Proud history, global future
Mar-Bal began in 1970, but Jim Balogh's own personal story goes back to his native Hungary. He was just 17 years old in 1956 when he joined thousands of other young Hungarians in Budapest fighting against the Soviet-sponsored government in the Hungarian Revolution. He was wounded and jailed, but eventually managed to leave for Yugoslavia. There, he signed up for the U.S. Army.
He was discharged in 1962 and settled in Cleveland. The tooling engineer got a job at Glastic Corp., a Cleveland composites company. While working at Glastic, Balogh started Mar-Bal in a small building in Cleveland's Flats industrial area, with a single used machine. Scott and Steven did odd jobs there as children.
Fast forward to today. Mar-Bal expects to generate $47 million in sales this year, from plants in Chagrin Falls; Cuba, Mo.; and Dublin, Va. The company employs 335 people.
Companywide, Mar-Bal runs 73 presses 41 injection molding machines ranging in clamping force from 165-700 tons, and 32 compression molders from 120-1,000 tons. The company makes BMC compounds in Chagrin Falls.
Decades after its humble beginnings, Mar-Bal is making global moves, in China and Mexico. The Balogh brothers went to China in 2004 on a trade mission coordinated by the Society of the Plastics Industry Inc. Those contacts led to Mar-Bal buying raw materials from China, followed by molds. The company already was sourcing molds from Taiwan.

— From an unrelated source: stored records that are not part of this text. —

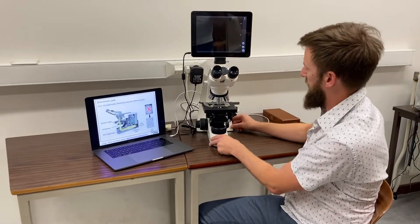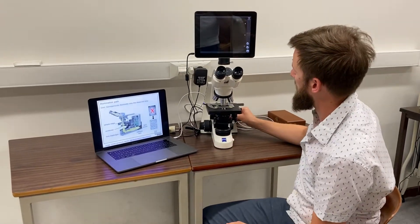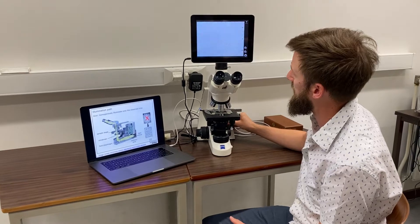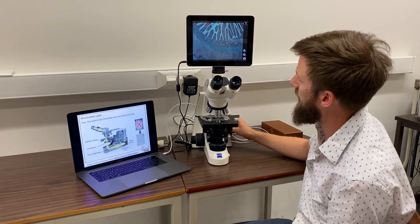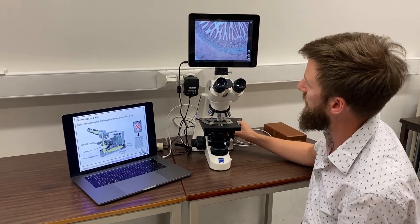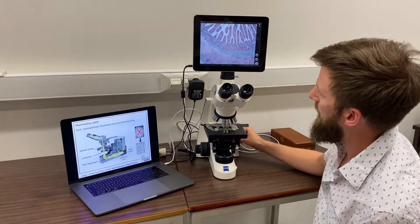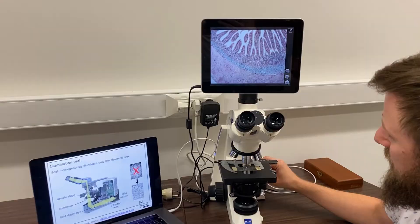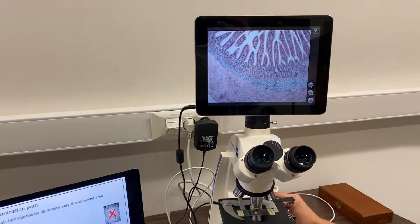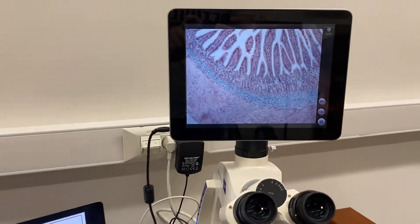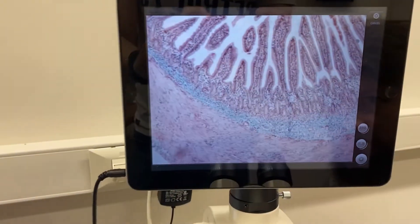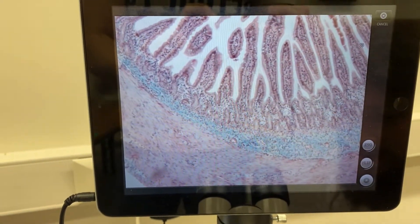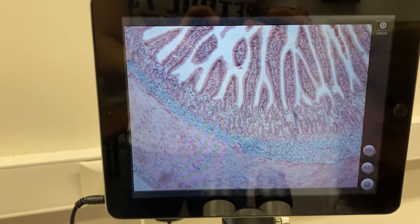So I turn on the lamp. I have a sample here on the microscope, which is a small intestinal sample. With the on/off knob I can change the intensity of the lamp at the sample, as you can see here.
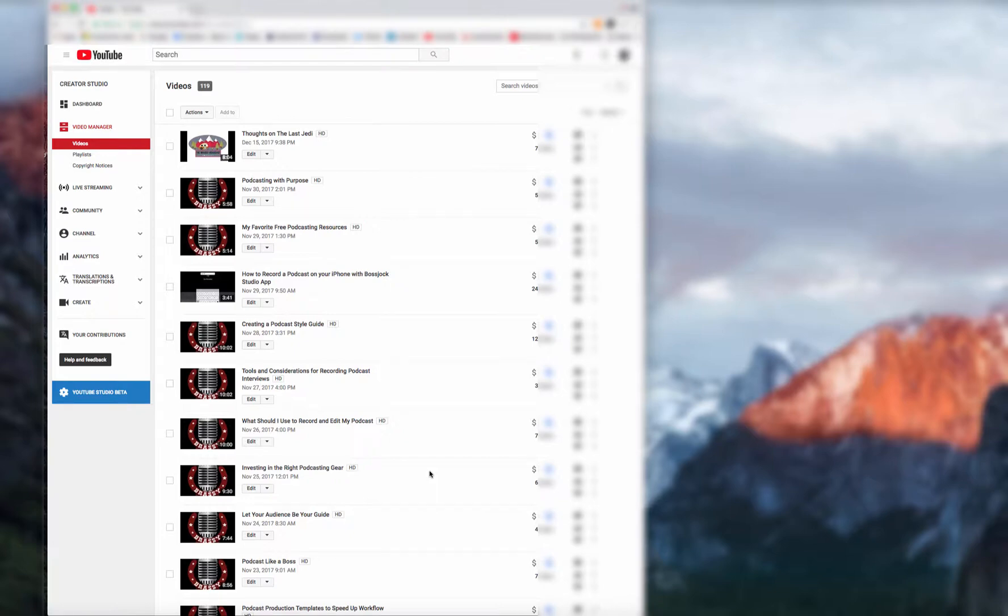Yes, you will still have to do some editing to it because it's far from perfect, but this is a fast way to get a transcript of your podcast.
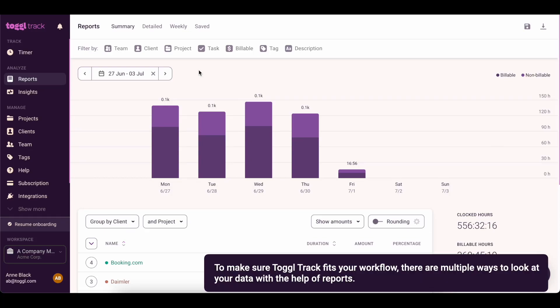To make sure ToggleTrack fits your workflow, there are multiple ways to look at your data with the help of reports.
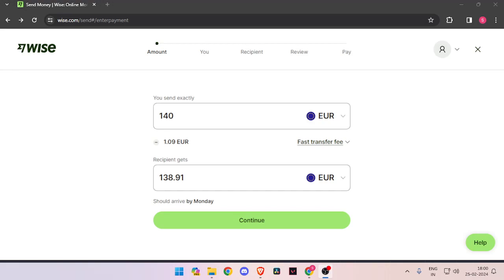Hello and welcome back to my channel. In today's video I will show you how to transfer money from Italy to Dominica quickly and cheaply using Wise, so let's get started.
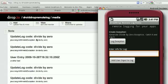And we see over here that the update log code says divide by zero, java.lang.ArithmeticException.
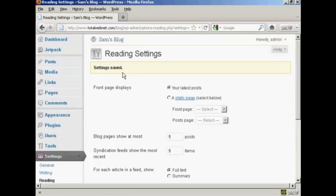So there we go, the settings are saved, and now it'll only show 5 posts at a time on the home page.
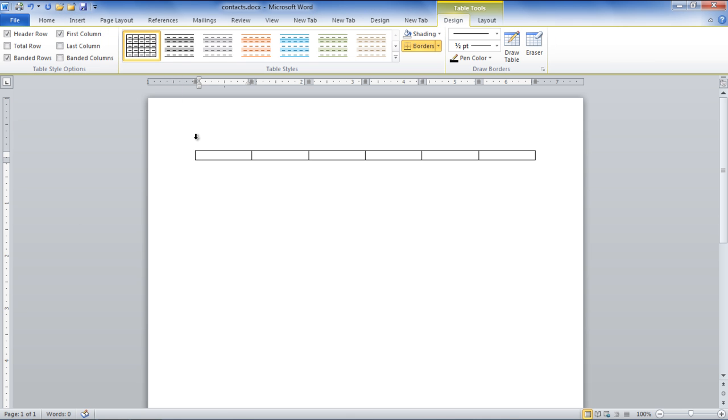The first row consists of headings according to which you will add data in the rows below. In the video, we will add headings such as First Name, Last Name, Address, City, State, and Zip in each column, one by one.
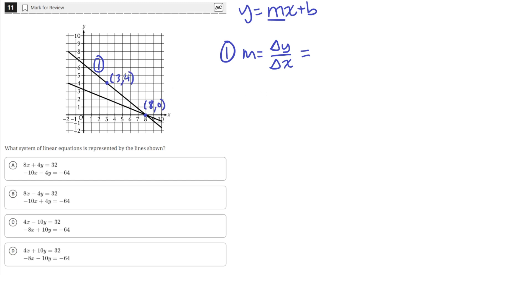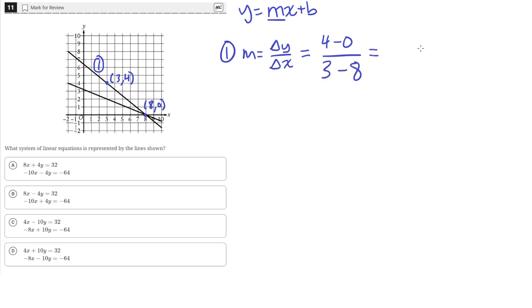We need to find the change in y over the change in x between these two points. The value of y is 4, and we subtract the y value of the second coordinate, which is 0. Then we take the x value, 3, and subtract the second x value, 8. So 4 minus 0 is 4, and 3 minus 8 is negative 5. So the slope is negative 4 fifths.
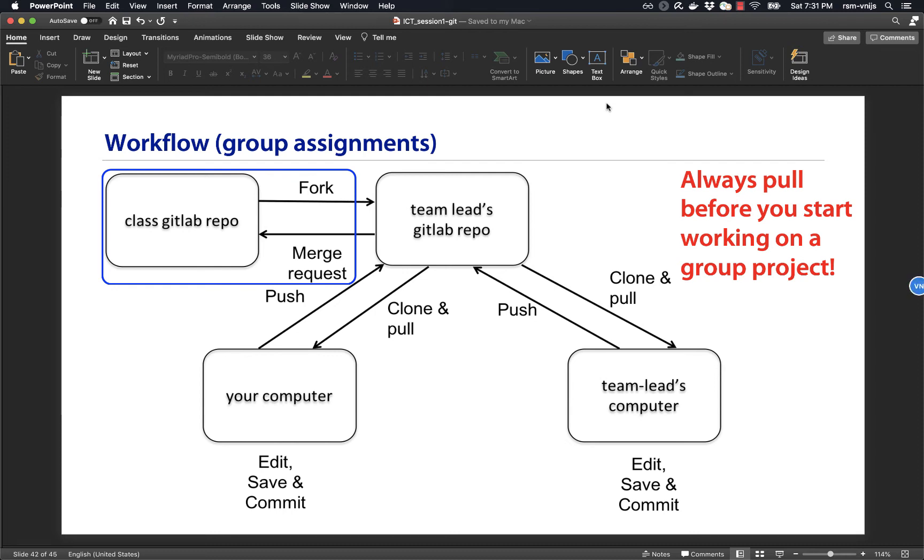In this video, I'll describe two different workflows you can use when working on a group assignment.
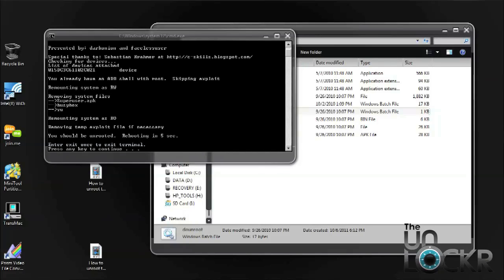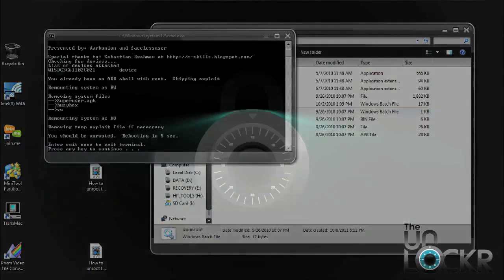After the Do Unroot file is completely finished running, you should now have the message similar to the one you see here. And that should say you should be unrooted, rebooting in 5 seconds. If you have that with no other error message, you are now officially unrooted.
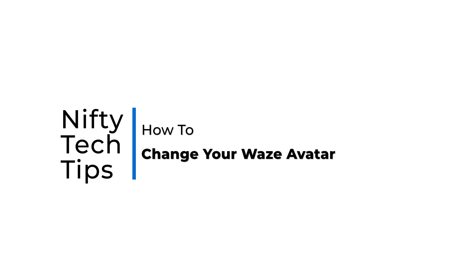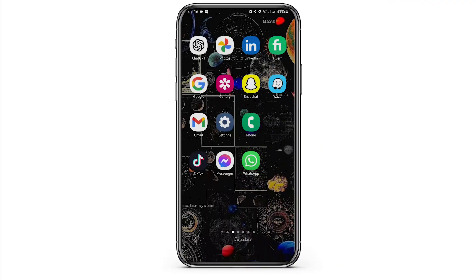How to change your Waze avatar. Hey everybody, welcome back to our YouTube channel. In today's video, I'm going to show you a step-by-step process of how you can change your Waze avatar in your Waze account. So without any further ado, let us jump right into the process.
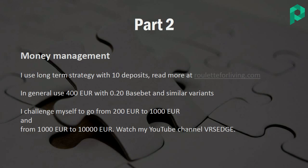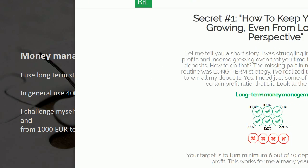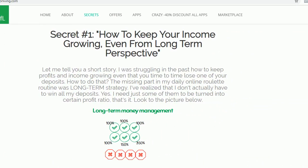As in part two, I'm also mentioning: be ready for money management. I'm using my long-term strategy with 10 deposits — it's always in place, so I recommend you to follow that. If you want to know more, you can visit my page roulette4living.com for more explanation of what long-term strategy means for me. I'm aiming for a minimum of 6 deposits out of 10 to win to 100% profit. Sometimes you can win even more, and you can still lose 4 deposits and be forever in profit.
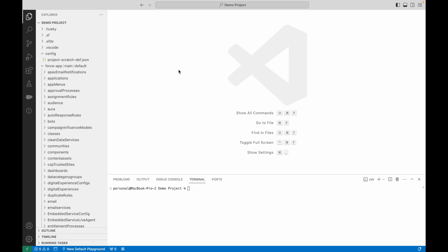Before I get started, a word of caution. I'm going to be manipulating the Salesforce XML directly. If you're doing this in your own org, make sure that you do it in a sandbox first and test thoroughly.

In 2007, Mar-Bal signed a three-year licensing agreement with a Chinese thermoset molder of parts for the electrical sector. Last year, Mar-Bal renewed that agreement.
It's really been a good relationship a good way to start to know and understand the way of doing business in China, from the raw material sources to the whole market over there. It's been a good learning experience, Steven Balogh said.
This year, Mar-Bal is opening a sales office in Shanghai. That will allow us to sell and distribute our current insulator line more effectively, as opposed to direct from the U.S., he said.
The next step is a Mar-Bal manufacturing plant in China in the next year or two.
Mar-Bal also will open a plant in Mexico's Bajio region, in the central part of the country, to better serve appliance and electrical customers who have production there. Officials hope to begin production in early 2012. The company has already hired key employees and is training them.